Request for Comments: Data Science Curriculum v2
waciumawanjohi opened this issue · 18 comments
Problem:
The curriculum has not been maintained and does not represent best practice.
Duration:
2020-08-31
Background:
OSSU recommends courses that would constitute an undergraduate major in Data Science. It is our responsibility to ensure that we follow best practice. To do so, we must bring the curriculum into alignment with external guidelines. A candidate set of guidelines has been identified and previously proposed.
In 2017, the Annual Review of Statistics and Its Application published the report "Curriculum guidelines for undergraduate programs in data science." The report was authored by “25 undergraduate faculty from a variety of institutions in the United States, primarily from the disciplines of mathematics, statistics, and computer science.” It had a goal of providing “structure for institutions planning for or revising a major in data science.”

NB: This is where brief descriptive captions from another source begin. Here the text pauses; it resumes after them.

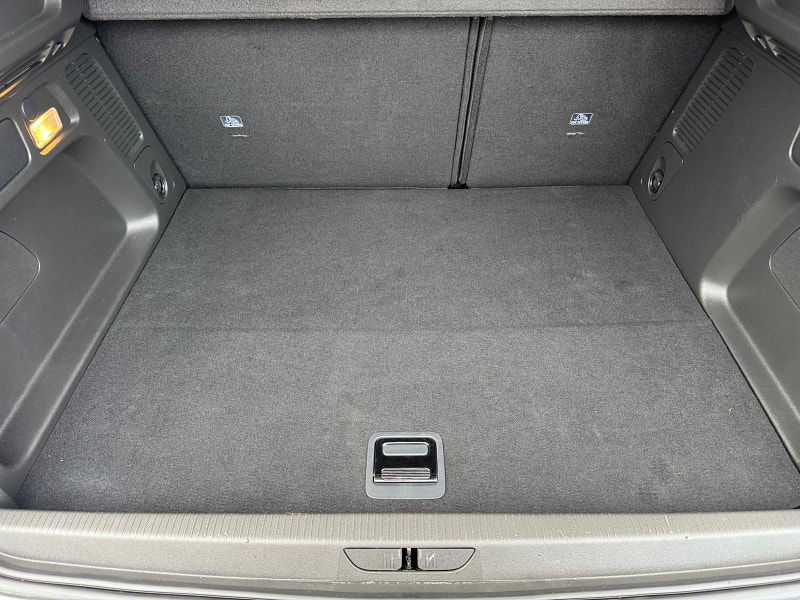 Vauxhall Grandland 1.6 14.2kWh GS Auto Euro 6 (s/s) 5dr 5dr Automatic 2025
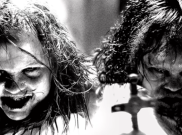 Jadwal Tayang Film ‘The Exorcist: Believer’ Maju Seminggu, 'The Exorswift' Batal Mendunia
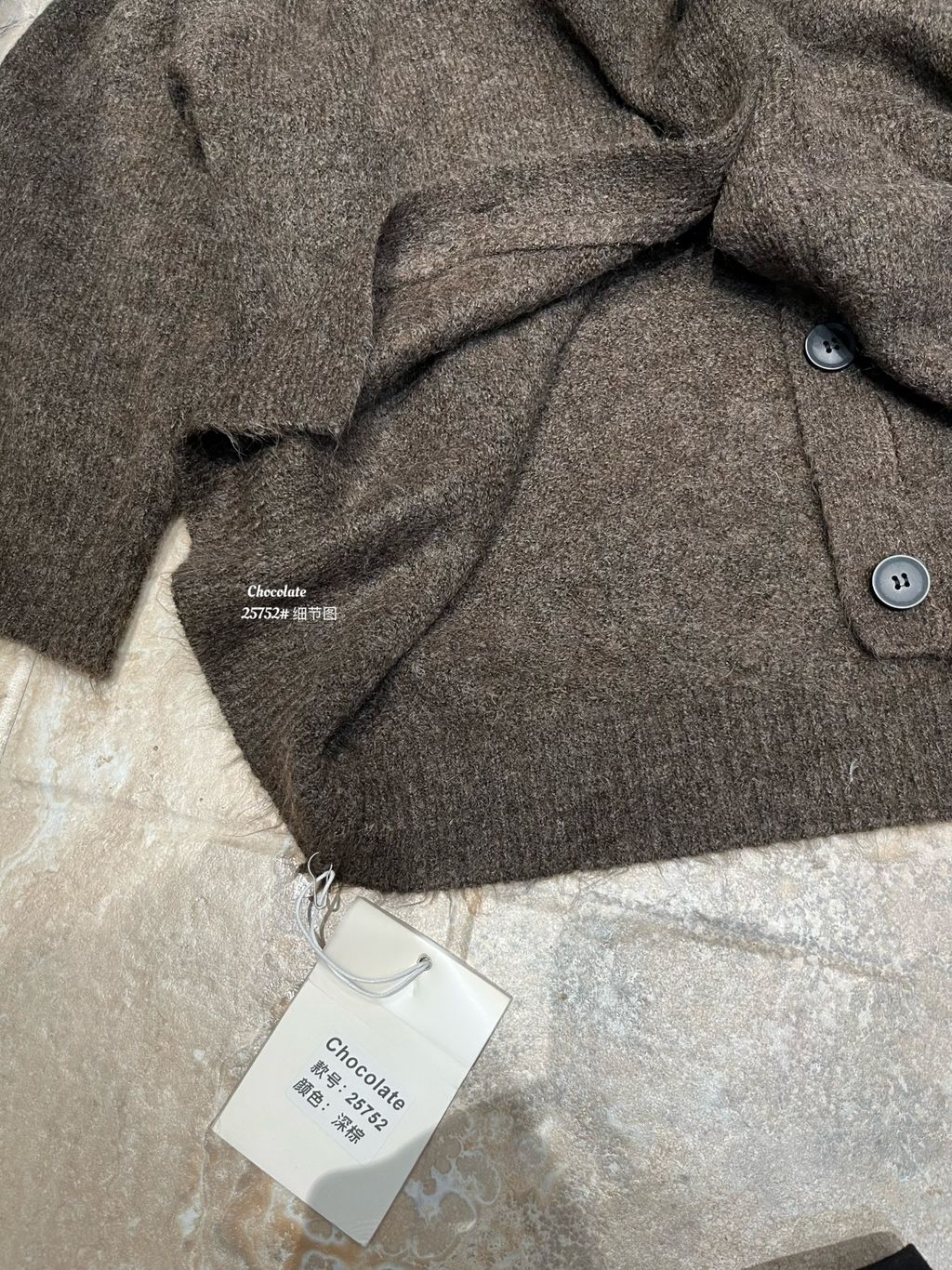 3a31ea2542fc4c896b3a41ce607162af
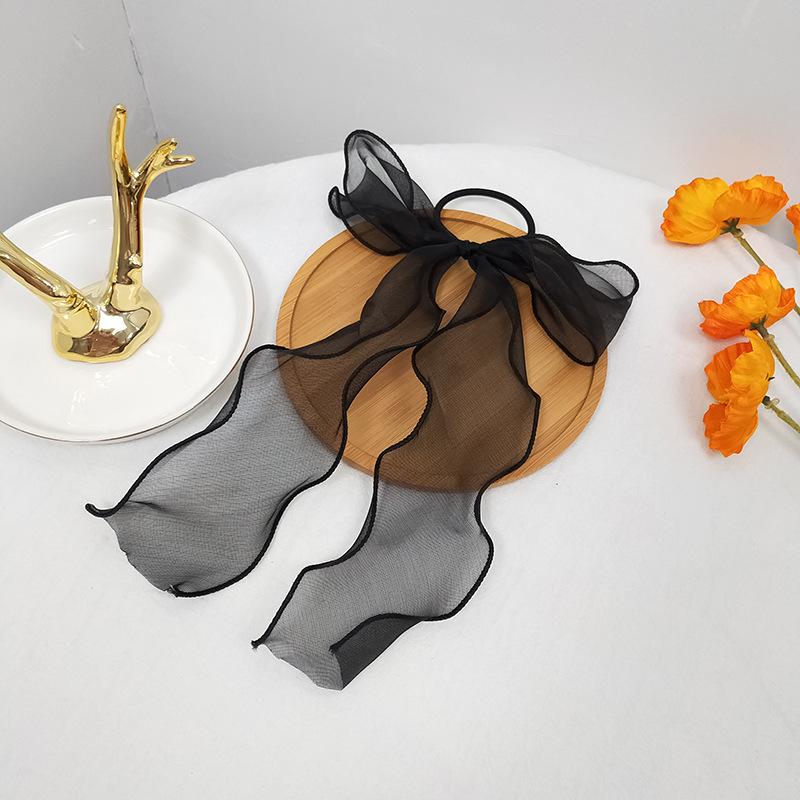 微信图片_20210709135055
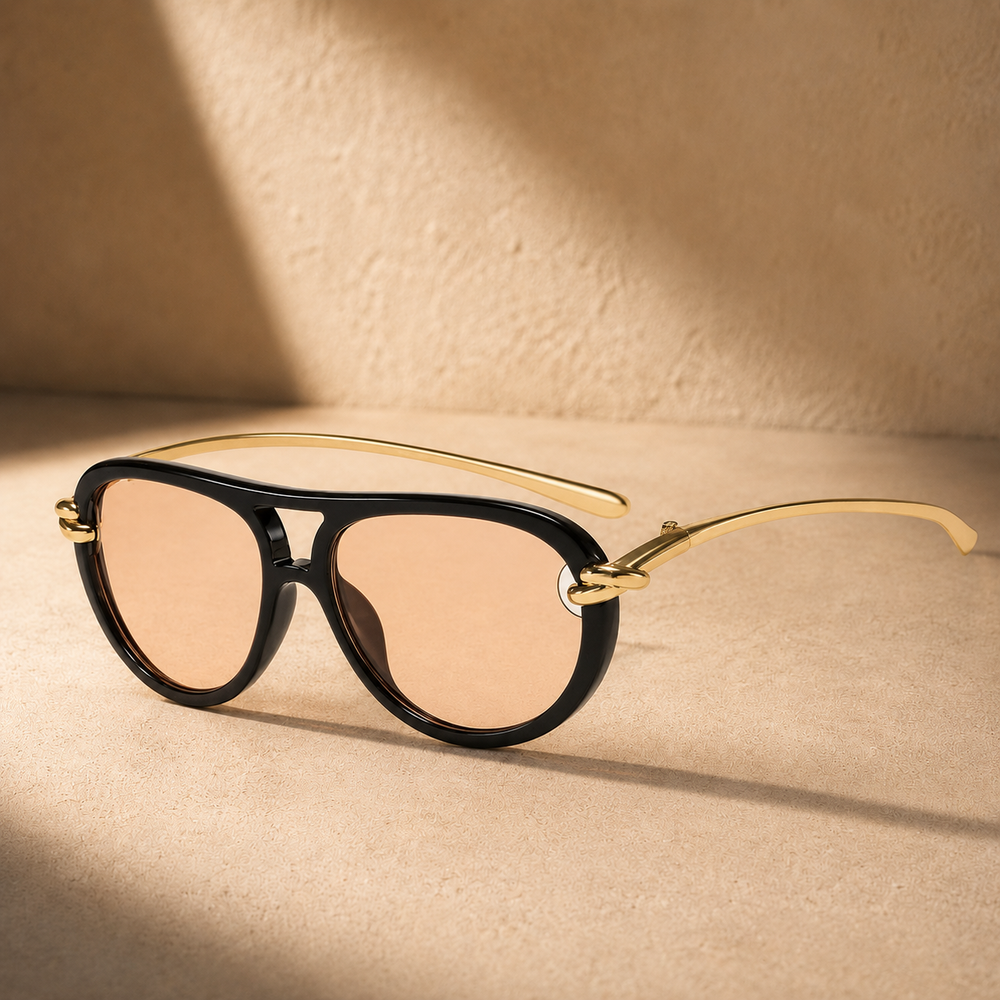 Gafas Bellagio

The current state of OSSU Data Science is one of disrepair. The curriculum has had 1 change in 3 years. That change deleted a link to a broken application. But there remained many links to courses that are no longer offered. A list of these can be found here. Prospective students have posted in the issues asking if the Data Science curriculum is still maintained. Updating the curriculum must ensure that all courses are available for students.
Proposal:
OSSU Data Science should adopt “Curriculum guidelines for undergraduate programs in data science” (CGUPDS) as our guidelines. The curriculum should be updated to match. The exact changes can be reviewed in this pull request.
It might be helpful to have a direct link to the guidelines so it's easier to read and comment:
https://www.amstat.org/asa/files/pdfs/EDU-DataScienceGuidelines.pdf
Very short and nice read, just 16 pages.
Looks like you already made all the necessary course changes in the pull request. All the links are alive and the courses cover the Key Competencies on Page 6, and the Six Main Subject Areas & Outline on Page 9 very well. Really excellent work!
The topic progression path in the pull request looks somewhat different than the possible path in Figure 1, Page 12 of the guidelines. I think it's fine, but maybe you could explain a little bit for those that are curious?
One question to which I do not see an immediate answer is, where would the "Capstone Experience" and "Course in an outside discipline" mentioned in the Outline on Page 9 come from? Are they contained in some of the courses in the curriculum?
By the way I don't know much about data science at all, and I don't have a horse in this race. Just trying to be helpful.
For suggested changes at #60 (comment) regarding Algorithms Part 1 and 2
These courses are completely in Java and have a steep learning curve from the start. Those coming straight from python/r/julia will have a hard time adjusting to both the course materials and programming syntax. Suggest an optional course on Java as pre-requisite, specifically Java Programming I and II by University of Helsinki. Gives college credit for Finland residents.
I certainly think adding resources in Extras for teaching Java would be appropriate. As well, adding a note in the main curriculum that those resources are available.
The University of Helsinki courses are high quality and I have no objection to listing them as a resource.
One other option to keep in mind is Computer Science: Programming with Purpose. One thing to recommend this alternative is that it is taught by the same instructor as the Algorithm courses. This could be used instead of Introduction to Computer Science and Programming Using Python and Introduction to Computational Thinking and Data Science, or in addition to them.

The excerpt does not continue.